Однако соседи Мари, жившие ниже этажом и вышедшие подышать свежим воздухом с веселой компанией своих гостей на балкон, располагающийся как раз под Машиной терраской, совершенно не были согласны с тем, что кто-то своим непонятным нытьем портит им вечер. По случайности оказалось, что они заговорили на эту тему с тем самым господином, у которого была больная жена и который уже жаловался на Машу в полицию.
– Это воет собака! – с уверенностью разъяснил ситуацию он. И по его словам, маленькая собачка Лулу превратилась в воображении соседей в здоровенного волкодава.
– Эй! Мадам! Уймите вашего пса! – закричала вся компания, вернувшись на свой балкон и став стучать в потолок Мари длинной палкой.
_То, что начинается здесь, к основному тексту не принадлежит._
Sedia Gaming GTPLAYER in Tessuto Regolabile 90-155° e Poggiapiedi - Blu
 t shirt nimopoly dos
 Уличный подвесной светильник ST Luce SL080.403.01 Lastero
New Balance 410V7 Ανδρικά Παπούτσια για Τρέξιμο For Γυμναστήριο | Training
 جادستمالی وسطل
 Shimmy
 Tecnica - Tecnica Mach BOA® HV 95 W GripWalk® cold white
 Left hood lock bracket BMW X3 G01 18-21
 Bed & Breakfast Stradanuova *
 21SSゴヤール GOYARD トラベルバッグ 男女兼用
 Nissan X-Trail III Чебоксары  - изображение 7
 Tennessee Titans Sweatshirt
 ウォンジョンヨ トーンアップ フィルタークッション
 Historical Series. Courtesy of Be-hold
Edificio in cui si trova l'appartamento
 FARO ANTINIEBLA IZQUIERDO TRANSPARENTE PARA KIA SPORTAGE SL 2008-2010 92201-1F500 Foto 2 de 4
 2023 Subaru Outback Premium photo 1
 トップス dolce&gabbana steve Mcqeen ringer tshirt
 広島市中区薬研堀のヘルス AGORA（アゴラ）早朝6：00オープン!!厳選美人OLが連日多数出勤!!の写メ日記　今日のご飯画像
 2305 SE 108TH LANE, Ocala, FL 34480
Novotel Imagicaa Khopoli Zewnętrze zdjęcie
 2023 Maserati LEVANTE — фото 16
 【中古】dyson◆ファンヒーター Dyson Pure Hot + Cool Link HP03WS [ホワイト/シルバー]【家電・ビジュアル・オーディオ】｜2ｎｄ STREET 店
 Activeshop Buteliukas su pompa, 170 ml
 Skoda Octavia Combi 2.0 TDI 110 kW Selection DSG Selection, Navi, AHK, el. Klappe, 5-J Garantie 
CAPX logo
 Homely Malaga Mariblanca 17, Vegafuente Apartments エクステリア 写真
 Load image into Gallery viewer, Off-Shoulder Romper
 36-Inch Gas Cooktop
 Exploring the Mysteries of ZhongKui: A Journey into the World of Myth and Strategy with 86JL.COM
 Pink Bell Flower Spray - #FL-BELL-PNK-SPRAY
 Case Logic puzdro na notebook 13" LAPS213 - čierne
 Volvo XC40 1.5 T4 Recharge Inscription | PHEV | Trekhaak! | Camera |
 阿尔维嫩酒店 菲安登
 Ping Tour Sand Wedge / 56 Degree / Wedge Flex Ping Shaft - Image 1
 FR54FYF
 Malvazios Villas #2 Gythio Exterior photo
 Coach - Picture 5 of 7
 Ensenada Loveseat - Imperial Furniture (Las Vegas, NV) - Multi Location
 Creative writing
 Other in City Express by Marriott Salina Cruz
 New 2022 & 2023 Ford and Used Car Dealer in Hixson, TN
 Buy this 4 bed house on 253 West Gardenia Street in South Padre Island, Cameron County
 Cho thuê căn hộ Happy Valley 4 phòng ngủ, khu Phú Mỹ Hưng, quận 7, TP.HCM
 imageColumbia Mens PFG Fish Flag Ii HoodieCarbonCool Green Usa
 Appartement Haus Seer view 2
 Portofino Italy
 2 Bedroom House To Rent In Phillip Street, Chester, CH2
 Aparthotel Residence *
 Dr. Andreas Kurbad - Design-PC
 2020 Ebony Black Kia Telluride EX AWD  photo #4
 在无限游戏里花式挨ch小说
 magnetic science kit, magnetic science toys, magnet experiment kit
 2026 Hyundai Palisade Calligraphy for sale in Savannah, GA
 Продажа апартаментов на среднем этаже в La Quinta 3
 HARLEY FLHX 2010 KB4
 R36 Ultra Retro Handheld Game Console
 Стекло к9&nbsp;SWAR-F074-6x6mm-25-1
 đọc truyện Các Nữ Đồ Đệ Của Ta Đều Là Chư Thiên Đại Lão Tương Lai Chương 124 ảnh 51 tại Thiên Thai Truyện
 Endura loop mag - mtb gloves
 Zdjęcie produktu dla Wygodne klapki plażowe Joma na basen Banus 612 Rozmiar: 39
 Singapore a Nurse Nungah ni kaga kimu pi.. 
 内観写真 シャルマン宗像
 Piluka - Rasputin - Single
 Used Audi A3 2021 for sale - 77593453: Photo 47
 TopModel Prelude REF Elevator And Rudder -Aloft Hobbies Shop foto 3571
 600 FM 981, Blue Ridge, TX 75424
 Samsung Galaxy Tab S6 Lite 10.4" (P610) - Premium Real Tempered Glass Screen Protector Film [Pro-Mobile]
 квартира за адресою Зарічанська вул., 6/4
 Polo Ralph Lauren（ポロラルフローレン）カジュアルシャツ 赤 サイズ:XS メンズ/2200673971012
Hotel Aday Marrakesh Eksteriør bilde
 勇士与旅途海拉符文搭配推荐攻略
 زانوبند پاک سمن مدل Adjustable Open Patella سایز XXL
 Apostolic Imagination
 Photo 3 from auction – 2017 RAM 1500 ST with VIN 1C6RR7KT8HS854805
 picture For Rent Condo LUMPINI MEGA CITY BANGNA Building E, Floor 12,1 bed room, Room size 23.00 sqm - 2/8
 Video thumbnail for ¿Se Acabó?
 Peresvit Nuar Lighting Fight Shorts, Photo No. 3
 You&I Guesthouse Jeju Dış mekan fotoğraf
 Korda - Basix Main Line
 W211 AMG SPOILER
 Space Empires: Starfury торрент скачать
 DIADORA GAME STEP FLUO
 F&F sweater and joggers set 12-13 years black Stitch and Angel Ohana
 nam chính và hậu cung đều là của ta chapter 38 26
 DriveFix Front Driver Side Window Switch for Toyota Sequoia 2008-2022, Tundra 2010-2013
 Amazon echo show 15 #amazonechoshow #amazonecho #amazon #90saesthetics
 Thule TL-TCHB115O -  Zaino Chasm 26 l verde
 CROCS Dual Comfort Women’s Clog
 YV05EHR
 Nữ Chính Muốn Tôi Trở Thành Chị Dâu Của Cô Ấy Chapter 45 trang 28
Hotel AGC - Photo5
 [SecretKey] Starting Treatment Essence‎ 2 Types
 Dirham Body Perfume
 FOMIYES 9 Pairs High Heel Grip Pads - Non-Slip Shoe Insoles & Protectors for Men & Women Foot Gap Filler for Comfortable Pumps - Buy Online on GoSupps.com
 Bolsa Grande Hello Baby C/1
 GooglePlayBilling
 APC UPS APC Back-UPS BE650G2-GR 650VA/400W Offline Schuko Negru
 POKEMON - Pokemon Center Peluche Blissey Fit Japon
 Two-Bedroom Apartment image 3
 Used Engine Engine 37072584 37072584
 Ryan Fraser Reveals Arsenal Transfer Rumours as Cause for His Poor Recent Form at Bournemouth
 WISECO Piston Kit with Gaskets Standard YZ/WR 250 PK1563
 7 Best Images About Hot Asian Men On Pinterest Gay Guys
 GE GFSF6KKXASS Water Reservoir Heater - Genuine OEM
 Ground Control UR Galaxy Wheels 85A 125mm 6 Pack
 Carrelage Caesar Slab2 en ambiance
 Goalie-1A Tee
Маша очнулась, как после сна, и выглянула вниз. Какие-то люди кричали ей что-то неудобоваримое. Наконец она поняла, в чем дело – у них был праздник. Она вытерла слезы и крикнула в сторону нижнего балкона:
– Извините меня!
Ей захотелось пойти, рассказать тем незнакомым людям о трагедии, произошедшей в маленькой горной стране, но она не пошла. Во-первых, потому что не знала, что произошло там на самом деле, а во-вторых, не представляла, как ответить на вопрос, если бы ее спросили, чего, собственно, она-то здесь, в Париже, волнуется?
Она решила выйти с Лулу погулять. И повсюду – на заполненных праздной толпой тротуарах, на безупречно подстриженных газонах Марсового поля – она неотступно представляла себе разбитые войной дороги, разрушенные дома и жалела людей, потерявших близких. Она думала о том, насколько разобщен и вместе с тем тесен мир. И как было бы все-таки хорошо, если бы люди всей земли смогли бы наконец между собой договориться, что надо жить в мире.
И в это же самое время совсем на другом участке земли с боевого задания вернулась группа «грачей» – самолетов-штурмовиков. А следом за ними на военный аэродром в степи сел самолет Валерия – изысканно-грозный истребитель «Су-27». Техники подкатили к нему небольшую лестницу на колесиках, у истребителя отъехал «фонарь» – стеклянный колпак, прикрывающий кабину сверху. Валерий вылез из кабины, спустился по лестнице и не спеша пошел по бетонной полосе. Степная земля, нагретая солнцем, дышала тяжелым августовским жаром. Пахло пылью, полынью и еще чем-то нестерпимо родным. Пилоты «грачей», приземлившиеся раньше, уже стояли и курили около командного пункта – небольшого кирпичного домика с плоской крышей.
– В Москве-то, Валер, небось не такая пыльная работенка? – спросил один, принимая товарища в свой тесный круг. Остальные хмыкнули. Все четверо пожали друг другу руки, но глаза их не улыбались.
– Я видел, вы сегодня нормально отработали, – сказал пилотам Валерий, снимая шлем и подставляя лицо жаркому степному ветру. – Колонна бронемашин так и развалилась.
– С твоей высоты далеко видать, – усмехнулся один.
– Как прикрывал, так и отработали, – сказал другой.
– А видели, парочка их было двинулась к нам, но вид твоей «сушки» их отрезвил. Не посмели сунуться.